Along with Glass’s half Native American son Hawk (Forrest Goodluck) and rookie Jim Bridger (Will Poulter), the experienced trapper John Fitzgerald (Hardy) volunteers to give Glass a proper burial once he’s taken his last breath. Instead Fitzgerald betrays him majorly and leaves the near-dead Glass buried alive. Fueled by rage, Glass refuses to die and goes on an epic journey to deliver retribution.
They say “Revenge is a dish best served cold”, and that’s exactly how you’ll feel watching The Revenant. From the get-go, Iñárritu’s incredibly immersive direction seizes you from your seat and plunges you into the unforgiving 19th century American wilderness. The audience are left just as exposed to the harsh extreme elements as the characters onscreen are.
But just as Iñárritu showcases nature as a force to be reckoned with he also displays its vast beauty. Whether it’s wondrous waterfalls, mesmerising mountain ranges or towering treetops, every landscape captured by cinematographer Emmanuel Lubezki flaunts the elegance and grace of the untouched natural world.
As well as stunning scenery, Iñárritu crafts a couple of awe-inspiring action scenes. Within the first five minutes Glass and co are ambushed by a bloodthirsty Native American tribe and what ensues is a breath-taking and brutal battle.
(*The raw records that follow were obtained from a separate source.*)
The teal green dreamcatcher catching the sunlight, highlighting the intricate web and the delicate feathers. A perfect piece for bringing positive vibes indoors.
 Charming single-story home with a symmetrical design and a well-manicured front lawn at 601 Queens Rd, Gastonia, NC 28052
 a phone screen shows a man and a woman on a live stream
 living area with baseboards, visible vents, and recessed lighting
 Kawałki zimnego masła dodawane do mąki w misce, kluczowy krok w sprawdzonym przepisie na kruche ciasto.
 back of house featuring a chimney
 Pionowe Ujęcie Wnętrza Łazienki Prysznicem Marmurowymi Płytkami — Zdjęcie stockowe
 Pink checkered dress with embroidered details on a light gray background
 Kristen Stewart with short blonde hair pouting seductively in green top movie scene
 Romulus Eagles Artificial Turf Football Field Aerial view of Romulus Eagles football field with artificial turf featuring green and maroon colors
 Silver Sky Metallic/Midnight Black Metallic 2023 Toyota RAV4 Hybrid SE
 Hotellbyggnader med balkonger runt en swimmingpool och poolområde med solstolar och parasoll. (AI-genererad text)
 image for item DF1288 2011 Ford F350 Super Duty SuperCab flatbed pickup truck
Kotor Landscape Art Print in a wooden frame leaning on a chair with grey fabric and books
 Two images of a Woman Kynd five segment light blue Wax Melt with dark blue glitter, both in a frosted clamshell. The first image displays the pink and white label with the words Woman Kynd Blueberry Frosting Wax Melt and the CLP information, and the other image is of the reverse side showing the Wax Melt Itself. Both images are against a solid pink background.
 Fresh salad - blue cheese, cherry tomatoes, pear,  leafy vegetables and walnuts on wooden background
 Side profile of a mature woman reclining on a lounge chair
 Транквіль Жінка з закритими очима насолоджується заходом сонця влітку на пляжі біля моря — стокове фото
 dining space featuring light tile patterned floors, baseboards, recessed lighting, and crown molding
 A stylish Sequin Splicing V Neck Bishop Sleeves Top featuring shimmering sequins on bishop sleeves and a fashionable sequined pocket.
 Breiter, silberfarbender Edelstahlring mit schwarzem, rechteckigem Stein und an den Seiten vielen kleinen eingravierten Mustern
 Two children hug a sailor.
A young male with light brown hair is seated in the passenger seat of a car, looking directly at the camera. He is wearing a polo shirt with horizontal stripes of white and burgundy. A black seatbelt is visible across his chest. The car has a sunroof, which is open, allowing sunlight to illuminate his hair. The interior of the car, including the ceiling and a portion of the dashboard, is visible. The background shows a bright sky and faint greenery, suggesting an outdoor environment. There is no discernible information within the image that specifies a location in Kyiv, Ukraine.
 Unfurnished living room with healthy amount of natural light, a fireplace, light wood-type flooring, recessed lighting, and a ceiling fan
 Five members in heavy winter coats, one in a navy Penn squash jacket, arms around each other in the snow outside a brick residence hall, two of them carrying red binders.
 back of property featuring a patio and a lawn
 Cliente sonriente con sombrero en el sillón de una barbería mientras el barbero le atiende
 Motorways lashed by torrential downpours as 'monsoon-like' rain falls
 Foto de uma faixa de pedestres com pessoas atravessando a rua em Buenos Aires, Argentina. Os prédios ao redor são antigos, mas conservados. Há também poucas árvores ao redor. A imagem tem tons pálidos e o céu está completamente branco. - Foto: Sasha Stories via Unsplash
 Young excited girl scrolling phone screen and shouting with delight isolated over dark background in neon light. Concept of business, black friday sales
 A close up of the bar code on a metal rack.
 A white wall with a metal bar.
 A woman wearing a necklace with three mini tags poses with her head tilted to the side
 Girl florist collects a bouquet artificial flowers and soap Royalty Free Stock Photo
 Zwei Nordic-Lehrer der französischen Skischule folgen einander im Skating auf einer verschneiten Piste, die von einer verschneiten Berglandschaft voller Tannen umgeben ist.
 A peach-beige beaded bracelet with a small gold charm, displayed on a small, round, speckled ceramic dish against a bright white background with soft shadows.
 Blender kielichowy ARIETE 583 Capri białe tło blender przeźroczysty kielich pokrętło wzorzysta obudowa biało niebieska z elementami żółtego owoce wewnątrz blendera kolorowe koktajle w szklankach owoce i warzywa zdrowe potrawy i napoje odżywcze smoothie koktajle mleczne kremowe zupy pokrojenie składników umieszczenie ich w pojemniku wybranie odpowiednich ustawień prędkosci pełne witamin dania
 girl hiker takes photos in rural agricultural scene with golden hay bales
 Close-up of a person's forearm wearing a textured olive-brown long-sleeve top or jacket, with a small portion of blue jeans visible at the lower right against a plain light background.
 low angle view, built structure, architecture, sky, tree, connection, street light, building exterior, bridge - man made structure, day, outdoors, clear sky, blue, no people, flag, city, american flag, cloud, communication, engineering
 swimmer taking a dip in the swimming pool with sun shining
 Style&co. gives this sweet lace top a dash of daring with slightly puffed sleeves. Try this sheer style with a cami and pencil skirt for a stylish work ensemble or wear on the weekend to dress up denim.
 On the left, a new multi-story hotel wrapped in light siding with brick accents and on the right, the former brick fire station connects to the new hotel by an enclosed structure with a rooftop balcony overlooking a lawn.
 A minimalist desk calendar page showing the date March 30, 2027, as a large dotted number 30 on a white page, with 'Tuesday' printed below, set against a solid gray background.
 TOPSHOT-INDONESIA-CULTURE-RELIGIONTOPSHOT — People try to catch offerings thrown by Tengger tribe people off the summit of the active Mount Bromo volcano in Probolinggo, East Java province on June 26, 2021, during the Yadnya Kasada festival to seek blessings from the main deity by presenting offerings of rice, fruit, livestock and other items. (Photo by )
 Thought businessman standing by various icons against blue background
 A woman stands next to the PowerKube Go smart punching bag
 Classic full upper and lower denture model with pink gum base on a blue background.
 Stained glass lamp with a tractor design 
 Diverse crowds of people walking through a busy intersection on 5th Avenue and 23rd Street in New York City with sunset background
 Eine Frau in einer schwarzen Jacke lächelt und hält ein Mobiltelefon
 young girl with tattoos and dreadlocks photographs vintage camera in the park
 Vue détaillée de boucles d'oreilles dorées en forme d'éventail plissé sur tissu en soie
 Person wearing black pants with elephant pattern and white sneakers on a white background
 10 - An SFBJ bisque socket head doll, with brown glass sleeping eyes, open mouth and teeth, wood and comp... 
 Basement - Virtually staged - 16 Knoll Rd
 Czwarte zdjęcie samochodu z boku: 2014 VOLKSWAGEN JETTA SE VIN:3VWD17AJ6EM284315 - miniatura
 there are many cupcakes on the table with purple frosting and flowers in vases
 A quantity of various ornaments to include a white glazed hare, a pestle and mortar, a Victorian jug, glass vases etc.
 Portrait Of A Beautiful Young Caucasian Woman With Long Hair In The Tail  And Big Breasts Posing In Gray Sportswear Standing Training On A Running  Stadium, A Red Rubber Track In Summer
It’s shot in a long continuous take, similar to those in Birdman, which adds an extra layer of sizzling intensity to the already fierce fight.
And then there’s THAT bear scene. Big screen bears – Baloo, Paddington, Yogi – are normally the friendly kind but the grizzly in The Revenant has absolutely no intentions of being anyone’s buddy. The way the bear savagely mauls at Glass is jaw-dropping as the realistic CGI and DiCaprio’s perfect selling of the attack will lead to one of the biggest ‘OMG’ moments you’ll ever experience watching a film.
Whatever part he plays, DiCaprio is someone you root for and after such a gruesome encounter with a bear, you’ll root for him even harder.
Glass is a man of few words thanks to the attack which left him unable to talk, so he grunts and pants instead. DiCaprio being the amazing actor he is doesn’t need much dialogue as through every movement he communicates pure emotion. His facial expressions tell you everything you need to know as you see every ounce of pain he’s going through, his steely will to stay alive and his mental plotting of payback. As usual, DiCaprio hurls himself into role in his most physical part to date.
His co-star, Hardy, is no stranger to physicality and just as he did in The Dark Knight Rises (2012) and last year’s Legend, he seethes with sinister intentions. His self-centred money-motivated redneck is a scumbag but in typical Hardy fashion, he’s an utterly magnetic character. Although similarly to Bane, Hardy’s Fitzgerald is a little mumbly but when you can understand him you’re hooked on his every word. Gleeson, who seems to have appeared in everything over the past 12 months, and Poulter (The Maze Runner) are also impressive as they deliver a pair of superb supporting performances.
While The Revenant has a wealth of wonders, it may not be for everyone.
There’s no denying the beauty of seeing trees blowing in the breeze, snow slowly falling to the ground or the trickling of glacial water but sometimes it feels like Iñárritu lingers too long on sights like these which will understandably leave some viewers, who are hungry for more DiCaprio and Hardy, a little bored at times.
And at 2 and a half hours long, it maybe could have done with 10 -15 minutes shaved off to keep a tighter focus on its stars.
But then again, it’s supposed to be a grueling and exhausting watch. It’s so wild it feels like an episode of Bear Grylls on steroids. Although there are shades of Terence Malick and a Kill Bill meets Apocalypto vibe, on the whole The Revenant offers a viewing experience unlike anything you’ve ever seen before. Its sensational visuals and sheer boldness mean it deserves to be seen on the biggest screen as possible. Unflinching, uncompromising and unforgettable.